Claude's sexuality and his relationships with other characters, both canon and non-canon, have been the subject of commentary. Paste writer Substitute Thapliyal noted that there was anger among fans over perceived queerbaiting of Claude. Thapliyal speculated that this anger was due in part to the series' history of barring same-sex characters from the max-rank "S-rank" even if the characters' relationship was implied to be homoerotic. Fanbyte writer Kenneth Shepard criticized Claude's writing, suggesting that designer Intelligent Systems' handling was both queerbaiting and bad writing. He felt that the writer for Claude could not have intended for him to be straight, noting that despite how Intelligent Systems seems to want to design him, he was critical of the game for having no distinction between how he reacts to a male or female main character.

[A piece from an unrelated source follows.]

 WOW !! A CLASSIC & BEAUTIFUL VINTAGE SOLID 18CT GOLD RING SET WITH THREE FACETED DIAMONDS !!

He felt that Claude's dialogue, which he noted was the same regardless of gender, was flirtatious, particularly citing a scene where Claude dances with Byleth. The fact that he could not have Byleth romance Claude was inconsistent with how he was written. Writers Rebecca Katherine Britt and Ps Berge believed that Claude had queercoded dialogue due to flirty scenes with male Byleth despite having non-romantic endings. They argued that the game engaged in queerbaiting in general, claiming that same-sex endings had a tendency to use vague terms like "settling down" and "traveling the world together". They also discussed the non-canon ship between Claude and Sylvain, discussing it as an example of a ship with characters with minimal interaction between one another that is largely speculative. While arguing that it was the least popular ship of the ones they analyzed, it "demonstrated the most significant evolution of a slash-ship over time". Claude's voice actor, Joe Zieja, has discussed the "queering of Claude". The Mary Sue writer Princess Weekes stated that Claude was among the most popular characters to incorporate in ships, alongside Byleth, Edelgard, Dimitri, and Felix. She believed that Claude should have been bisexual, appreciating that fanfiction exists to facilitate that. Gayming Mag writer Mahin Kesore begrudged what he considered to be queerbaiting with Claude, feeling that the lack of male/male relationship options made him feel like the game wasn't made for people like him.